M.Sc Thesis

M.Sc StudentGenussov Michal
SubjectTranscription and Classification of Audio Data by Sparse
Representations and Geometric Methods
DepartmentDepartment of Electrical and Computer Engineering
Supervisor PROF. Israel Cohen
Full Thesis textFull thesis text - English Version


Transcription of music and classification of audio and speech data are two important tasks in audio signal processing. Transcription of polyphonic music involves identifying the fundamental frequencies (pitches) of several notes played at a time. It is an intriguing task, whose difficulty stems from the fact that harmonics of different tones tend to overlap, especially in western music. This causes a problem in assigning the harmonics to their true fundamental frequencies, and in deducing spectra of several sounds from their sum.

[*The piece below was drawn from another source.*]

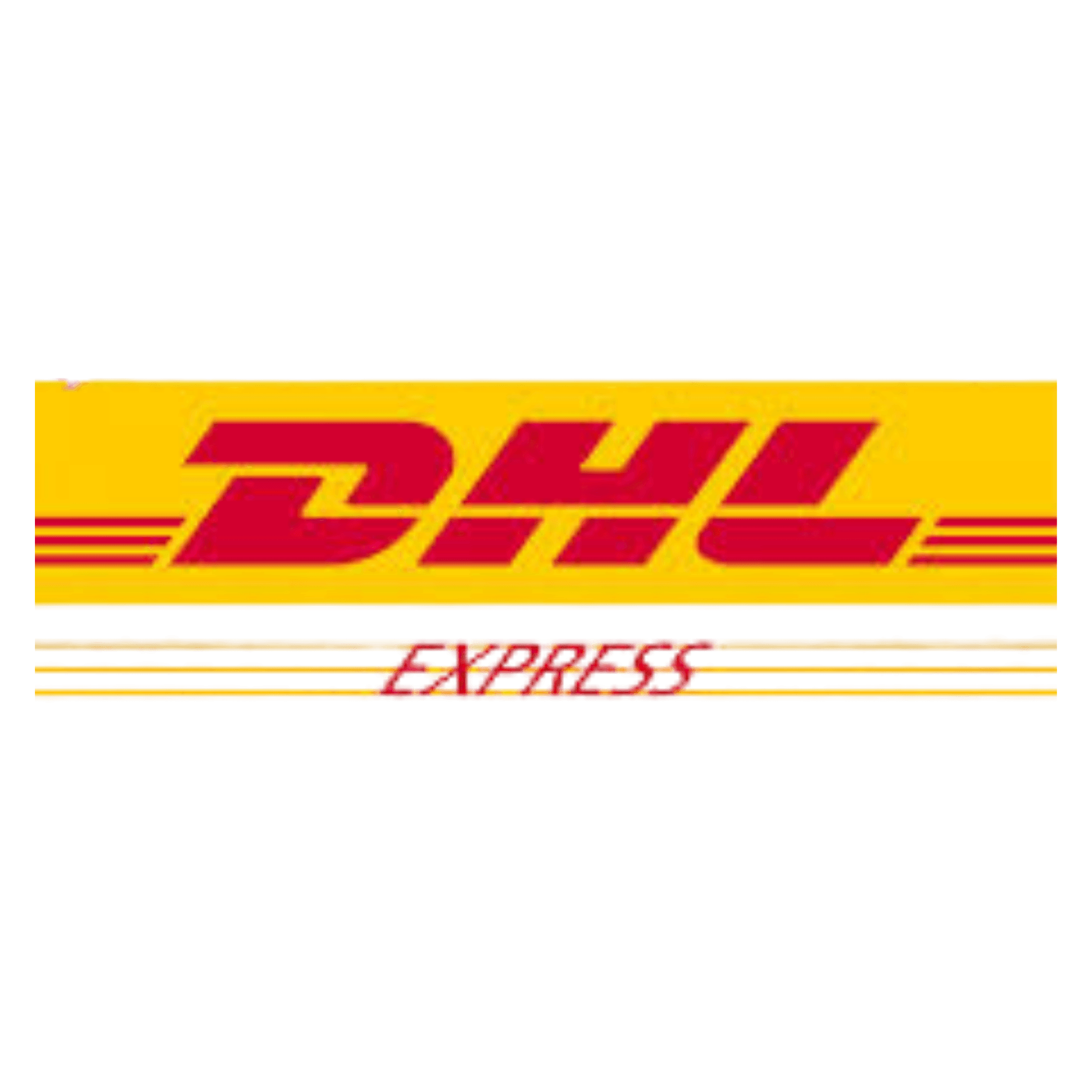 Foundation partner logo 11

Classification of audio and speech data includes classification of music by genre and identification of speech phonemes. Traditional classification methods consist of two main stages: the first is feature extraction, in which relevant features (usually temporal and spectral) are extracted from the signal, and the second is classification according to these features. The problems with these methods are that they are usually not well-adjusted to the non-linear structure of the feature vectors, and they don’t consider the redundancy of the features, leading to unsatisfactory classification results and to high computational complexity.

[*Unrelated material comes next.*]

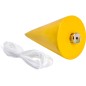 Pion murarski 300g Pion murarski 300g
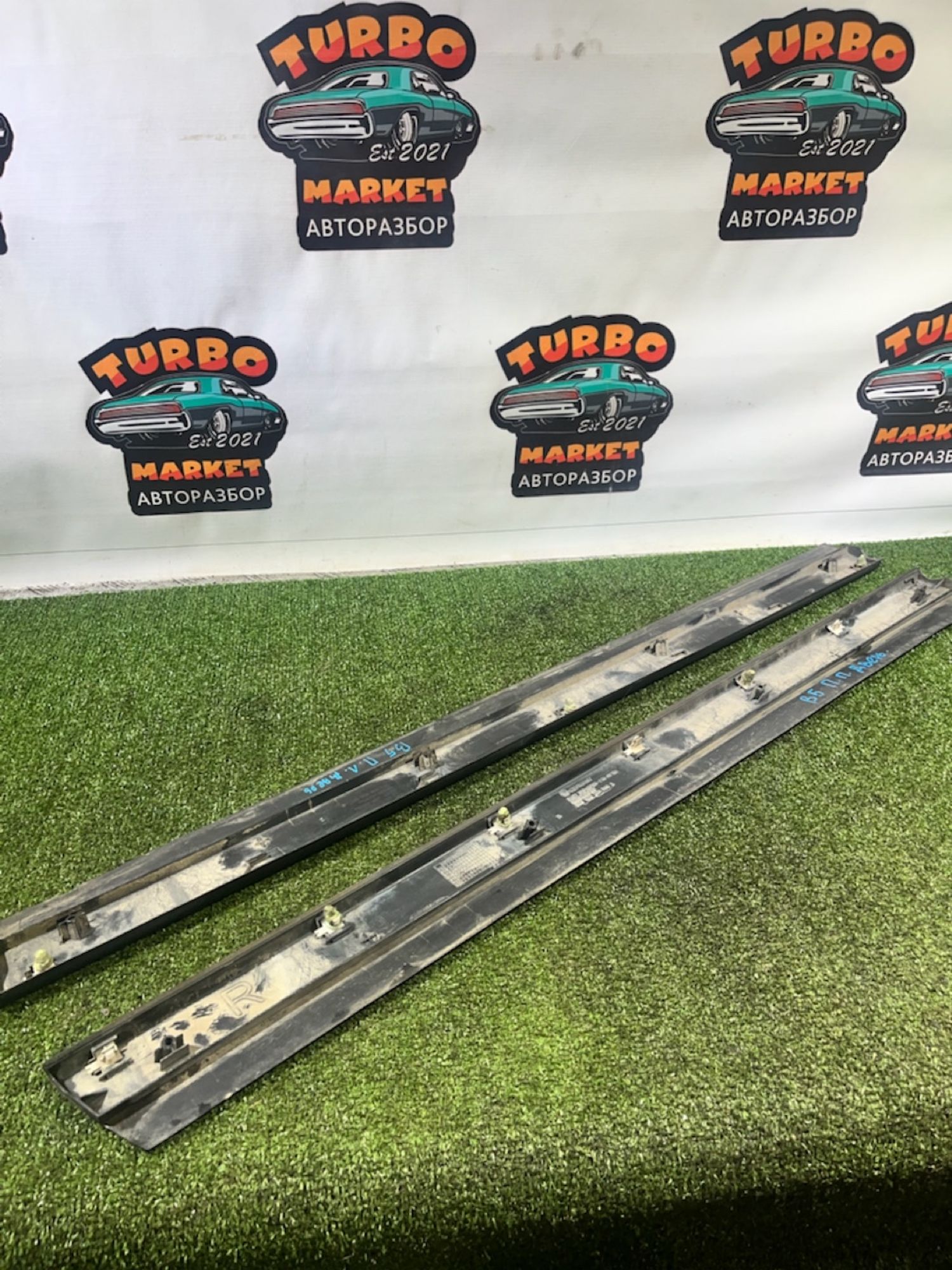 https://gcs.partsauto.market/rn-stockpro.appspot.com/thmbs/userImages/7493bedda53ffbba18042670cc6fed05/part/1b782240-4aa1-4490-bb90-c6ec22cc312d_1733908352343.jpg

In this thesis, we introduce transcription and classification methods which are based on representation of the data in a meaningful manner. For transcription of polyphonic music we present an algorithm based on sparse representations in a structured dictionary, suitable for the spectra of music signals. Thanks to the structured dictionary, the algorithm does not require a diverse or a large data set, and is computationally more efficient than alternative methods.

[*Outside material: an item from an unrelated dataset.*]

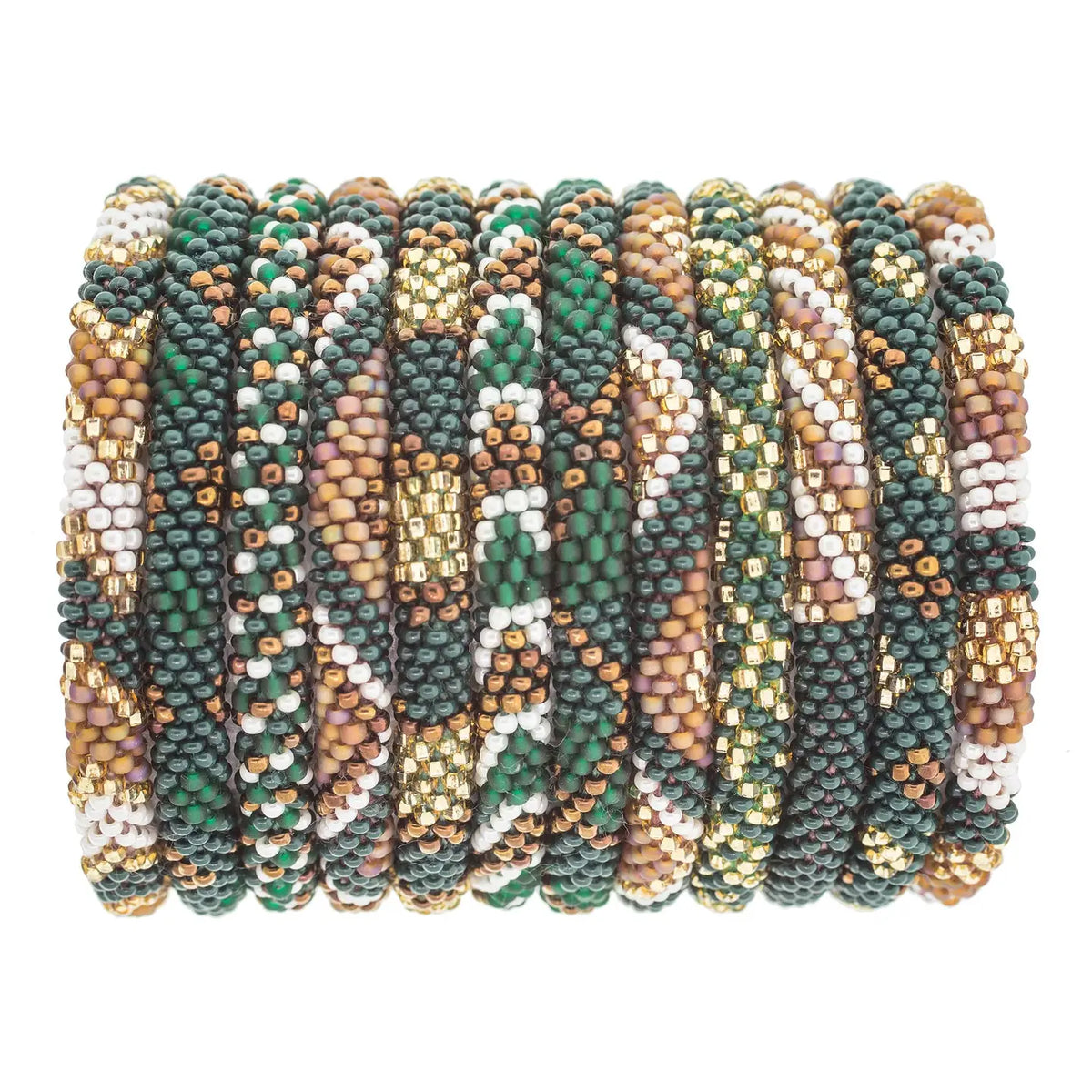 Roll-On® Bracelet- Sold Individually- Assorted*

For classification of audio data we propose to integrate into traditional classification methods a non-linear manifold learning technique, namely ”diffusion maps”. In this technique, a graph is built from the feature vectors, and the distances in the graph are mapped to Euclidean distances.

Finally, we examine empirically the performances of the proposed solutions. We show that our structured-based dictionary transcription system outperforms existing methods in several tasks of transcription, especially in the difficult case of a small data set with multiple overlaps of harmonics. In classification of musical pieces by genre and in identification of unvoiced fricative phonemes by diffusion maps, most of the samples are classified correctly. However, comparing to classification using the features without the mapping, we find that the classification results are not improved. This implies that the assumption of the non-linear redundancy between the features depends on several factors, including the application and the choice of the features before mapping.